In the other hand you may lose some performance ( and you already think ) by having to join information from different tables.
About the count I think it's fine to have it there, although it is always said that is better to calculate this kind of stuff, I don't think for this situation it hurt you at all.
But again, the only way to know what's better your you and your specific app, is to measuring, profiling and find out what's the benefit of doing so. Probably you would only gain 2% of improvement.
You'll need to compare performance testing results between the following:
Leaving it alone
Breaking it up into two tables
Using different queries to retrieve the login data and profile data (if you're not doing this already) with all the data in the same table
Also, you could implement some kind of caching strategy on the profile data if the usage data suggests this would be advantageous.
You should consider putting the counter-columns and frequently updated timestamps in its own table --- every time you bump them the entire row is written.
I wouldn't consider your user table terrible large in number of columns, just my opinion. I also wouldn't break that table into multiple tables unless you can find a case for removal of redundancy. Perhaps you have a lot of users who have the same settings, that would be a case for breaking the table out.
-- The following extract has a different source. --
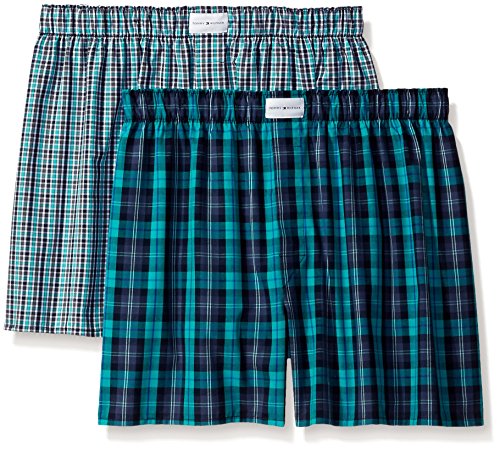 Tommy Hilfiger Men's 2-Pack Green Plaid Woven Boxer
Should take into account the average size of a single row, in order to find out if the retrieval is expensive. Also, should try to use indexes as while looking for data...
The most important thing is to design properly, not just to split because "it looks large". Maybe the IP or IPs could go somewhere else... depends on the data saved there.
Also, as the socialnetworksite using this data also handles auth and autorization processes (guess so), the separation between login and user tables should offer a good performance, 'cause the data on login is "short enough", while the access to the profile could be done only once, inmediately after the successful login. Just do the right tricks to improve DB performance and it's done.
(Remember to visualize tables as entities, name them as an entity, not as a collection of them)
Two things you will want to consider when deciding whether or not you want to break up a single table into multiple tables is:
MySQL likes small, consistent datasets. If you can structure your tables so that they have fixed row lengths that will help performance at the potential cost of disk space. One thing that from what I can tell is common is taking fixed length data and putting it in its own table while the variable length data will go somewhere else.
Joins are in most cases less performant than not joining. If the data currently in your table will normally be accessed all at the same time then it may not be worth splitting it up as you will be slowing down both inserts and quite potentially reads. However, if there is some data in that table that does not get accessed as often then that would be a good candidate for moving out of the table for performance reasons.
I can't find a resource online to substantiate this next statement but I do recall in a MySQL Performance talk given by Jay Pipes that he said the MySQL optimizer has issues once you get more than 8 joins in a single query (MySQL 5.0.*). I am not sure how accurate that magic number is but regardless joins will usually take longer than queries out of a single table.